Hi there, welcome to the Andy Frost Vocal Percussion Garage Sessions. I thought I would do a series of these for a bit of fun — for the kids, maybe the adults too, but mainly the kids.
========
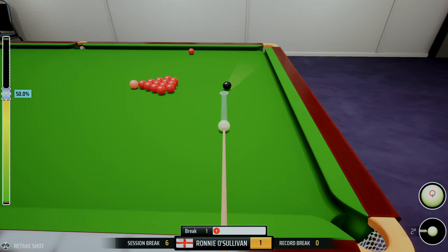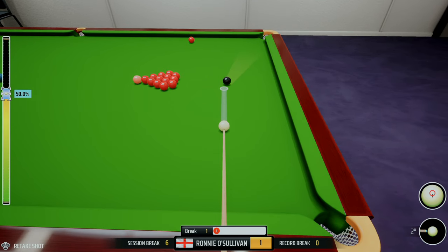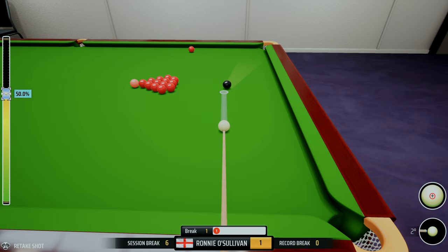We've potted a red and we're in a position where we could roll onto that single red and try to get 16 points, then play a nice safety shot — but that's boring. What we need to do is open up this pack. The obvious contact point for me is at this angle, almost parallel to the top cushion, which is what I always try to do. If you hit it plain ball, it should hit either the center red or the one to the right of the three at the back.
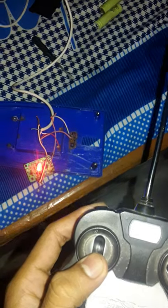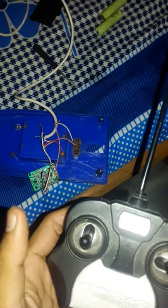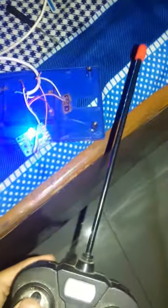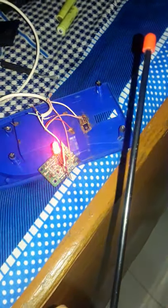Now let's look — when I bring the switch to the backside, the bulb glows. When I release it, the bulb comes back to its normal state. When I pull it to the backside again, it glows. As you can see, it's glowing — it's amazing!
========
# [YOUR TASK]
Would you transcribe the lines above exactly, going from the line bearing "We've potted a" through the line bearing "Now let's look", and drop the pictures from the copy?

# [ANSWER SECTION]
We've potted a red and we're in a position where we could roll onto that single red and try to get 16 points, then play a nice safety shot — but that's boring. What we need to do is open up this pack. The obvious contact point for me is at this angle, almost parallel to the top cushion, which is what I always try to do. If you hit it plain ball, it should hit either the center red or the one to the right of the three at the back.
Now let's look — when I bring the switch to the backside, the bulb glows. When I release it, the bulb comes back to its normal state. When I pull it to the backside again, it glows. As you can see, it's glowing — it's amazing!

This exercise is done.